Event Log Fundamentals

An event log is a distributed, append-only data structure where each entry represents an immutable event. Kafka organizes events into partitions, with each partition being a totally ordered log. A topic is a collection of partitions for related events.

Key properties:

  • Immutable: Once published, events cannot be modified or deleted (except by retention policy)
  • Ordered within partition: Events in partition 0 always arrive in publish order to a consumer
  • Replicated: Events are copied across brokers for durability
  • Replayable: Consumers can seek to any point and replay from there
  • Retention: Events retained for configurable period (days to years)

Partitions distribute load:

  • Topic with 3 partitions can have 3 parallel consumers, each consuming one partition
  • Partitioning key (e.g., user_id) determines which partition stores an event
  • Events with same key always go to same partition, preserving order for that key

Change Data Capture (CDC)

CDC automatically extracts all database changes and publishes them to an event log. Instead of applications writing to both database and Kafka, CDC observer publishes changes automatically.

Mechanisms:

  1. Query-based CDC: Poll database periodically. Simple but high latency and database load.
  2. Log-based CDC: Read database transaction log (PostgreSQL WAL, MySQL binlog). Fast and accurate. Requires privileged access.
  3. Query + Timestamp: Track highest seen timestamp, query changes since then. Catches most changes but misses deletes.

Example: Debezium + PostgreSQL

  • Debezium connector reads PostgreSQL WAL
  • Publishes INSERT/UPDATE/DELETE events to Kafka topics (one per table)
  • Each event includes before/after values
  • Consumers read and apply changes to replica databases or caches

Event Sourcing

Event sourcing differs from CDC: instead of updating records in place, store all state changes as events. The current state is computed by replaying all events.

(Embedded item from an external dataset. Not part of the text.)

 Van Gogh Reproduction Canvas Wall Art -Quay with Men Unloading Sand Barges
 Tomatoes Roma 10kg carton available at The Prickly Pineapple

Example sequence for user account:

Event 1: UserCreated{id: 123, email: "alice@example.com"}
Event 2: EmailVerified{id: 123}
Event 3: NameUpdated{id: 123, name: "Alice Smith"}
Event 4: AddressAdded{id: 123, address: "123 Main St"}
Event 5: AddressRemoved{id: 123} (if user deleted address)

Advantages:

  • Perfect audit trail: Every state change is recorded
  • Temporal queries: Compute state at any point in time
  • Debugging: Replay sequence of events to understand how state changed
  • Alternative implementations: Compute different materialized views from same events

Disadvantages:

  • Complexity: Application must handle events, idempotency, snapshots
  • Query difficulty: Cannot easily query current state; must replicate to queryable store
  • Event schema evolution: Changing event structure requires migration

Consumer Groups

Consumer groups enable multiple independent applications to consume same topic without interfering.

Mechanics:

  • Each consumer in a group gets assigned one or more partitions
  • Kafka tracks consumed offsets per group
  • If consumer crashes, another in group picks up partitions
  • Different groups can consume same topic at different speeds

Example:

Topic: orders (3 partitions)

Group "inventory":
- Consumer 1 reads partition 0
- Consumer 2 reads partition 1
- Consumer 3 reads partition 2

Group "analytics":
- Consumer A reads all 3 partitions (since only 1 consumer)
- Processes independently of inventory group

Practical Example

from kafka import KafkaProducer
import json
import time
from datetime import datetime

# Initialize producer
producer = KafkaProducer(
bootstrap_servers=['localhost:9092'],
value_serializer=lambda v: json.dumps(v).encode('utf-8'),
acks='all' # Wait for all replicas to acknowledge
)

# Publish order events
orders = [
{"order_id": 1001, "user_id": 123, "amount": 99.99, "items": 3},
{"order_id": 1002, "user_id": 456, "amount": 249.50, "items": 1},
{"order_id": 1003, "user_id": 123, "amount": 45.00, "items": 2},
]

for order in orders:
event = {
"event_type": "OrderPlaced",
"timestamp": datetime.utcnow().isoformat(),
"data": order,
"version": 1
}

# Key by user_id to ensure orders for same user go to same partition
future = producer.send(
'orders',
value=event,
key=str(order["user_id"]).encode('utf-8')
)

# Wait for confirmation
record_metadata = future.get(timeout=10)
print(f"Sent to partition {record_metadata.partition}, "
f"offset {record_metadata.offset}")

producer.close()

When to Use / When Not to Use

Event Logs (Kafka)
  1. Loose coupling between services
  2. Different teams own producers/consumers
  3. High throughput event streaming
  4. Replay and recovery from events
  5. Multiple independent consumers
  6. Audit trail of all changes
Request-Response APIs
  1. Immediate consistency required
  2. Request-reply pattern natural
  3. Real-time query results needed
  4. Simple point-to-point calls
  5. Lower operational complexity
  6. Easier to understand flow

Patterns & Pitfalls

Choose partition keys carefully: partition by userid keeps user events ordered, partition by timestamp spreads load evenly. Mistake: partition by random key loses all ordering. Choose key that matches your consumer grouping (e.g., userid for user-specific consumers).
Consumers must handle duplicates: publish same event twice, apply same processing twice. Either make operations idempotent (SET vs INCREMENT) or track processed event IDs. Kafka's exactly-once semantics requires transactions, which have performance cost.
Add fields to events carefully: old consumers must ignore new fields, new consumers must handle missing fields from old events. Use versioning (v1, v2) or Avro schema registry to manage evolution. Never remove fields required by existing consumers.
Monitor distance between producer offset and consumer offset: high lag means consumers falling behind, may indicate processing issues or underpowered consumers. Set alerts when lag grows consistently.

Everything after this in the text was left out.